Egalement découvert à Cannes, où il fut l’événement de la Quinzaine des réalisateurs, Le Quatro Volte confirme les espoirs inspirés par le premier long métrage de Michelangelo Frammartino, Il Dono. Sans un mot de dialogue et pas davantage d’intrigue dramatique, le réalisateur italien prouve par l’exemple les puissances narratives, successivement tragiques et comiques, d’une juste observation du monde par le cinéma. Dans le village de Calabre où il a installé sa caméra, Frammartino accompagne une mort et une naissance, le cycle des saisons comme Hésiode et Virgile surent le faire, et des accidents comme Laurel et Hardy aimèrent les filmer. C’est magique, c’est bizarre, ça ne ressemble pas à ce qu’on a l’habitude de voir au cinéma et pourtant c’est à sa manière l’esprit même du cinéma qui s’incarne. Paisiblement, joyeusement.

Bas-Fonds2Valérie Nataf dans Bas Fonds d’Isild Le Besco

Enfin voici venir un autre météorite. Celui-là est violent, brûlant, percutant. Bas Fonds d’Isild Le Besco laisse une trainée de poudre dans son sillage, et la certitude d’avoir touché au plus sensible d’une douleur de vivre, une douleur commune quand bien même ces personnages ne sont pas communs.
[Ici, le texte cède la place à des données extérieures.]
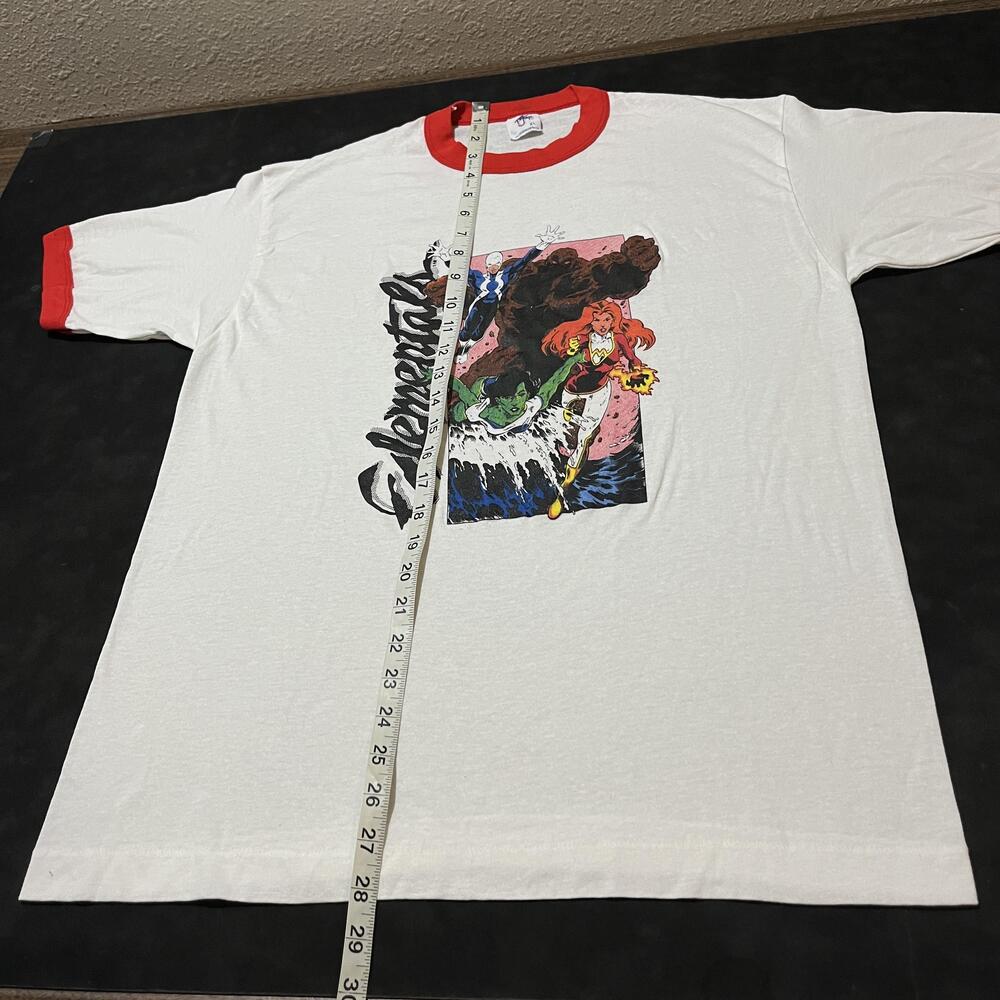Vintage Elementals Shirt Marvel Avengers Ringer Comic Images Book Superhero 80s - Picture 8 of 10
A l’instar de ses deux premiers films, Demi-tarif et Charly, la réalisatrice semble trouver un point de vue inconnu, une distance impossible et radicalement juste pour observer des protagonistes ici jusqu’aux tréfonds de leur révolte, de leur angoisse, de leur solitude et de leur volonté de s’affirmer. Isild Le Besco filme sans  rien édulcorer, sans juger ni s’apitoyer. Retraçant la chronique de trois jeunes femmes en rupture de tout, et entre lesquelles circulent une violence aussi extrême que celle qu’elles infligent occasionnellement à l’extérieur,  Bas Fonds ne retient ni ses cris ni ses coups. Il ne s’agit pas ici de naturalisme, encore moins d’exhibitionnisme, mais de l’invention à l’arraché d’une forme artistique qui approche des états pourtant bien réels, où les mots et les gestes convenus, « policés », n’ont plus d’usage.

D’une sincérité vibrante jusqu’au paroxysme, geste qui évoque Les Bonnes de Genêt et les cris du Free Jazz, le film d’Isild Le Besco laisse une trace profonde et douce, à la mesure de sa brûlure initiale.